Theresa May’s new government is preparing the ground for a fresh crackdown on immigration amid concerns that universities have become an easy route into Britain for migrants who want to work.

The Prime Minister has backed calls to restrict student visas so that only the brightest and best can come to study at reputable universities in Britain.

As Home Secretary she took action to close down “bogus” colleges and to limit visas for students coming to study some further education courses.

But Mrs May’s team believe further restrictions on international students could significantly help to reduce net migration.

Chart showing net migration since 2011
Chart showing net migration since 2011

Government sources indicated that Home Office and Department for Education officials are likely to be ordered to examine what more can be done to tighten the student visa regime.

Options expected to be considered include stopping people coming to Britain to take so-called “Mickey Mouse” courses at low ranking institutions, action to stop universities marketing their courses as opportunities for students to work in Britain, and any further steps to make sure foreign students return home after finishing their studies.

The Home Office has estimated that one in five foreign students overstays their visa and continues to live in Britain long after their course has finished.
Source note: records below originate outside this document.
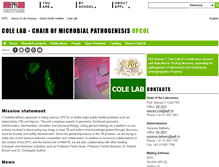 Tablet Screenshot of cole-lab.epfl.ch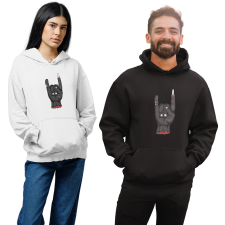 Fruit of the Loom, Kariban Ördögi Zombi - Unisex Kapucnis Pulóver női pulóver, kardigán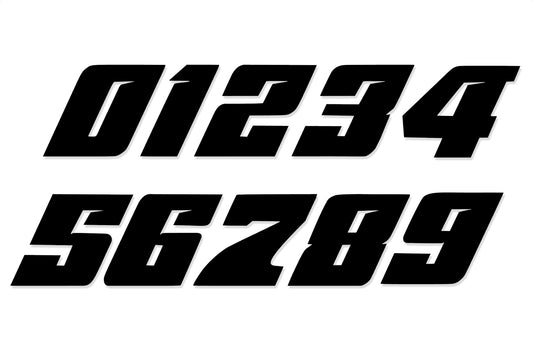Racing Numbers Vinyl Decal Sticker | Dirt Bike Plate Number BMX Competition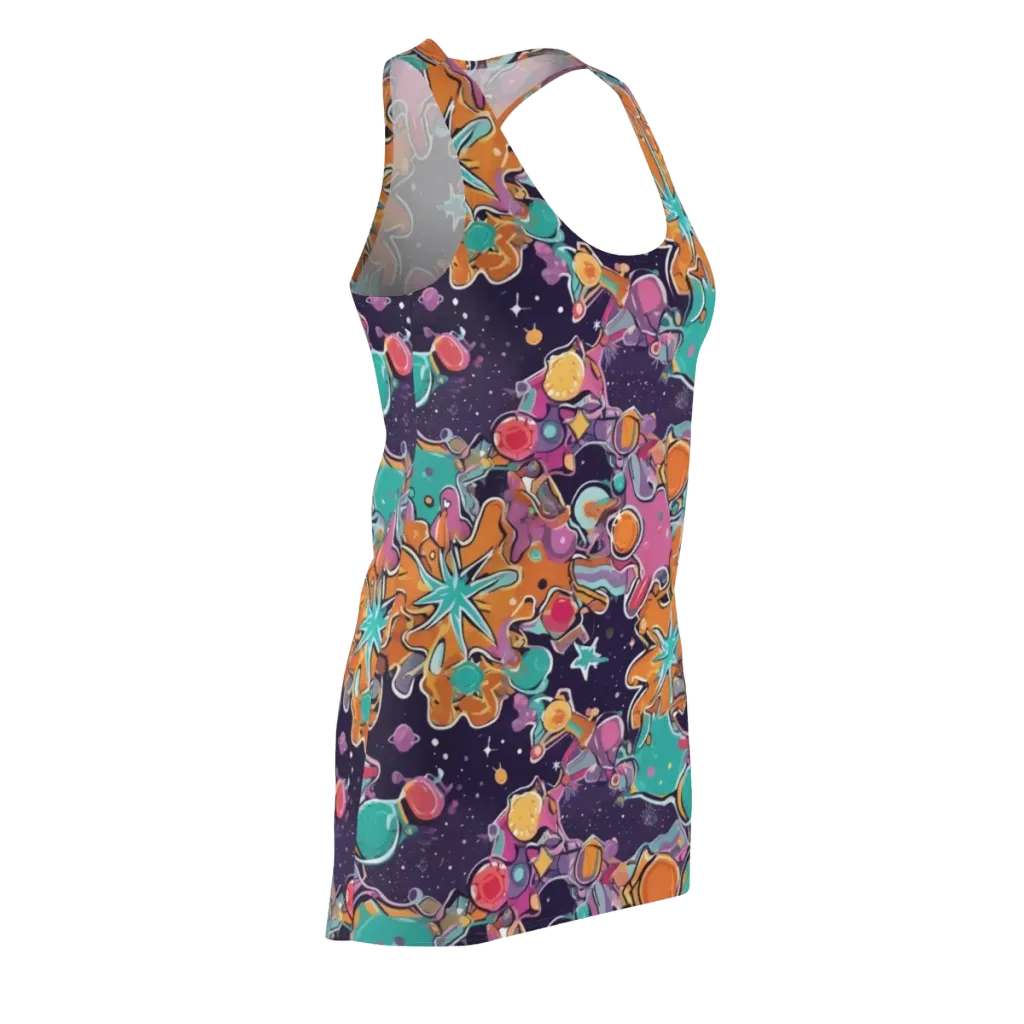 Orbiting Bonbons on Racerback Dress — Front Side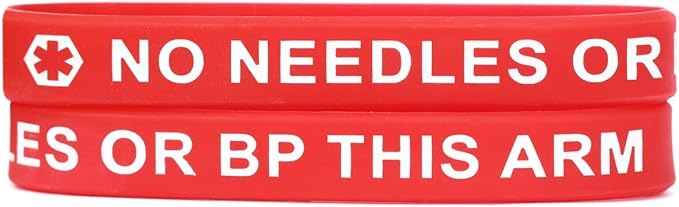 2 Pack of Medical Alert Wristband Bracelets in 12 Options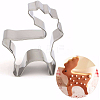 Tarnish Resistant 304 Stainless Steel Christmas Cookie Cutters LS-DIY-E012-61-1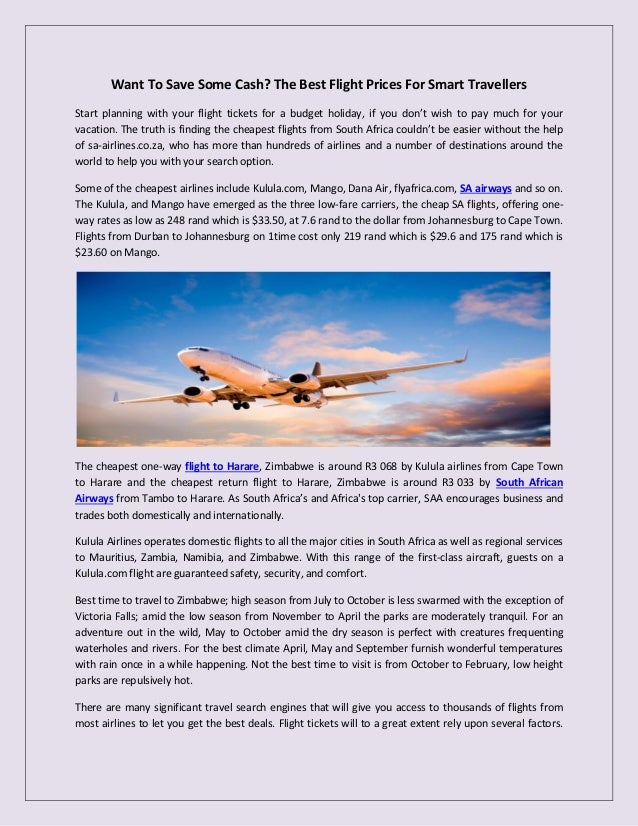 best one way flights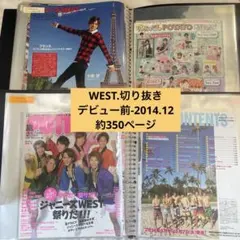 WEST. 雑誌切り抜き デビュー前〜2014.12 ドル誌等 約350ページ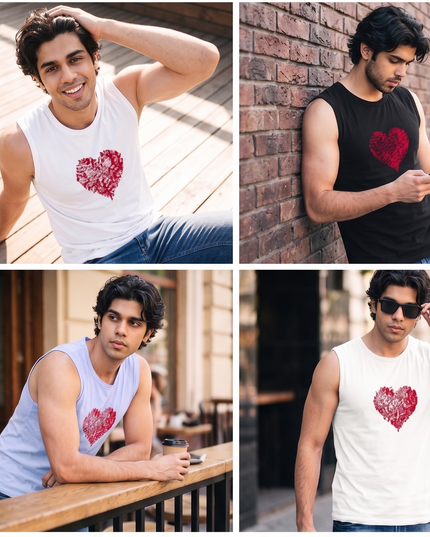 Heart : Men's Tank Top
The plan, which is at an early stage, emerged after a row over whether Mrs May’s government remains committed to the target of reducing “net migration” to below 100,000.

Boris Johnson, the Foreign Secretary, and Amber Rudd, the Home Secretary, appeared last week to back away from the target before Mrs May stepped in to restate her commitment to achieving the goal.

 

As Home Secretary in David Cameron’s government, Mrs May clashed repeatedly with other ministers over her attempts to curb migration.

George Osborne, as Chancellor, and officials in the Department for Business, Innovation and Skills tried to thwart her efforts because they regarded international students as good for the economy and for universities, which charge them higher tuition fees.

The Treasury and the BIS department were trying to relax the student visa rules by removing student numbers from official immigration statistics altogether.